Ongoing costs and management

  • Tenant acquisition: One month’s rent per 18‑month tenancy cycle.
  • Property management: 6.5 % of rent plus VAT, handled by the developer’s on‑site team.
  • HOA & maintenance: Approximately US $30 + US $150 per month per unit.

Market context and buyer mix

  • Local vs foreign: Roughly 50 % of purchasers are Kenyan, 50 % are overseas investors.
  • Location advantages: Proximity to Nairobi’s international airport (≈ 25 min), major corporate headquarters (e.g., KPMG), UN offices, universities, and a large shopping mall (Sarit Centre). The surrounding neighbourhood is green, with low traffic congestion and a range of amenities within a 5‑minute walk.
  • Population growth: Nairobi’s population is expected to double within 20‑30 years, supporting long‑term capital appreciation.

Risks and considerations

  • Management complexity: Lower‑priced units attract tenants in tighter income brackets, potentially leading to delayed payments and higher turnover.
  • Local knowledge: Investors unfamiliar with Kenyan property law, payment customs (e.g., mobile money “empa”), or cultural dynamics may face ambiguity and slower dispute resolution.
  • Construction timeline: Although the project reports being on schedule, any delay could affect cash‑flow projections.
  • Currency risk: Rental income is collected in Kenyan shillings; exchange‑rate fluctuations can impact returns for foreign investors.

Bulk‑purchase options

Developers are open to negotiating discounts for larger blocks (30‑50 units). Buying a sizable portfolio enables the investor to:

  • Appoint a dedicated junior property manager (≈ 20‑30 k KES ≈ US $250 per month) to handle day‑to‑day issues on‑site.
  • Reduce per‑unit management fees and gain greater control over tenant selection, rent‑setting, and potential short‑term rentals (e.g., Airbnb).
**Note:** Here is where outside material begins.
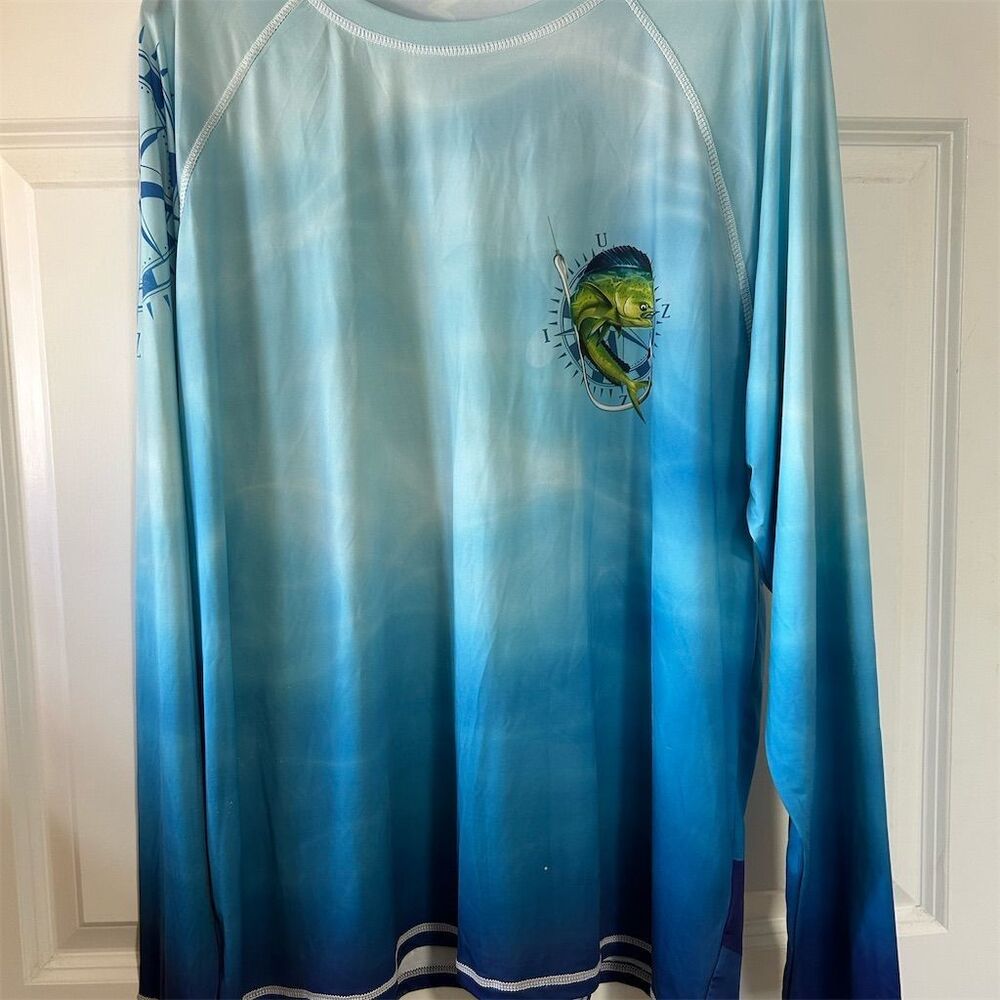 Uzzi Men's 2XL Long Sleeve Rash Guard Fishing Shirt Multicolor UPF 50+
Practical advice for prospective investors

  1. Assess personal involvement: If you lack a local network or are uncomfortable managing tenant relations remotely, consider partnering with a developer‑provided management service or limiting exposure to higher‑priced, premium units.
  2. Run cash‑flow models: Include all closing costs, ongoing fees, and a conservative occupancy rate (≈ 90‑95 %) to verify that the net yield meets your target.
  3. Leverage payment plans: The 2‑year staggered payment schedule reduces upfront capital requirements and aligns cash outflows with rental income once the unit is leased.
  4. Consider scale: Purchasing multiple units can lower per‑unit acquisition costs and justify hiring dedicated on‑site staff, improving operational efficiency.
  5. Monitor macro trends: Nairobi’s status as East Africa’s economic hub, its expanding expatriate community, and projected population growth support both rental demand and capital appreciation.

In summary, Nairobi’s low‑cost pre‑construction apartments deliver attractive pre‑tax yields (5‑7 %) and potential capital gains, especially for investors with local ties or a willingness to manage the nuances of an emerging market. However, success hinges on understanding tenant dynamics, securing reliable property management, and aligning the investment horizon with the project’s delivery schedule.